À l'exposition de 2012, son personnage n'apparaissait que sur des macarons. «Mais je voyais les étoiles dans les yeux des gens quand ils voyaient Ponto. Un cône orange, c'est tellement Montréal.»

Le succès du personnage s'est traduit dans des macarons, des cartes postales et une peluche de 33 centimètres de haut - et il a convaincu l'illustratrice de concevoir pour le web une bande dessinée, qui compte aujourd'hui 178 épisodes.

PHOTO OLIVIER JEAN, LA PRESSE

Une place dans la vraie vie

Depuis le début du mois, un piano public parrainé par Ponto est installé dans le parc du Bonheur-d'Occasion, à l'intersection des rues Notre-Dame et Rose-de-Lima, dans le coeur commercial de la grande avenue commerciale. Un cône grandeur nature à l'effigie de Ponto décore les lieux.

Plusieurs pôles d'animation semblables ont été créés par l'arrondissement en vue du grand chantier prévu dans la rue Notre-Dame, entre l'avenue Awater et la rue Saint-Augustin, qui commencera à l'automne pour se terminer à la fin de 2017.

Avec cette consécration locale, Ponto fera donc son apprentissage de la vraie vie de chantier, dans un quartier qui en compte déjà beaucoup.

«Les commentaires qui reviennent le plus souvent quand les gens lisent la BD, c'est: "Avant de connaître Ponto, j'étais stressé dans le trafic; maintenant, quand je vois un cône, je pense à lui, qui travaille fort pour notre sécurité."»

Les employés municipaux de l'arrondissement auraient pu mal prendre des blagues de la BD, mais ils vont plutôt voir l'illustratrice pour lui dire qu'ils aiment Ponto. «Plusieurs ont acheté le toutou pour décorer leur bureau.»

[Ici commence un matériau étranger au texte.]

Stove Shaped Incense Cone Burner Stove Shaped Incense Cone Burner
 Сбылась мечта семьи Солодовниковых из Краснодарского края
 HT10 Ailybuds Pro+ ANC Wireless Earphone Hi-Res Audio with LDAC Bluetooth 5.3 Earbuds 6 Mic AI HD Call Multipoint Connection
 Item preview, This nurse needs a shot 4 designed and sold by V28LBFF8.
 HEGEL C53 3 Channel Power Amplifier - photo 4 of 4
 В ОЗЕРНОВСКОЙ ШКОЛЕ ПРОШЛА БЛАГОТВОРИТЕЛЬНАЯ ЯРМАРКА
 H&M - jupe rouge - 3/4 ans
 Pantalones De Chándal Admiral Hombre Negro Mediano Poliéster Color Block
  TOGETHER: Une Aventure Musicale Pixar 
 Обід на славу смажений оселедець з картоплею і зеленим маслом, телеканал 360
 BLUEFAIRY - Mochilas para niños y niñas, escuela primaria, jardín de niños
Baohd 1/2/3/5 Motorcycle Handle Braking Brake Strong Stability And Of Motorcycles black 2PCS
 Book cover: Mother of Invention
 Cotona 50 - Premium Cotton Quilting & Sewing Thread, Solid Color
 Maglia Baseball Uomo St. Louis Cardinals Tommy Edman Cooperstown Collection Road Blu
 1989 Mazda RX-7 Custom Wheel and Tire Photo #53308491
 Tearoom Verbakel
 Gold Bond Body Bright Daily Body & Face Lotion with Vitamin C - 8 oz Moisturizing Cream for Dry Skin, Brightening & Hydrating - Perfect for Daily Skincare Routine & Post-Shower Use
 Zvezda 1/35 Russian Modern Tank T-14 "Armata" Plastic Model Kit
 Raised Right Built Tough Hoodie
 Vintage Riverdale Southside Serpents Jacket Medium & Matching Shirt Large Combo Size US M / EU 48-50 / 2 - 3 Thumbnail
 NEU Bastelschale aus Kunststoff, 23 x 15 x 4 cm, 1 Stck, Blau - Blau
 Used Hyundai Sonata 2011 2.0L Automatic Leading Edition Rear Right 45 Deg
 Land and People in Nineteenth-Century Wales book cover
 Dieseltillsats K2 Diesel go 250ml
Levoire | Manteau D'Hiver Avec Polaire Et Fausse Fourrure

Et Ponto continue ses voyages. Récemment, Tania Mignacca a reçu un égoportrait de Ponto quelque part aux Bermudes, accompagné d'une bouteille de tequila. «Il est allé en Inde, en Grèce, aux États-Unis.» Et récemment, une peluche de Ponto a pris la route du Japon.

Que d'histoires attendent encore le cône orange qui aime Montréal!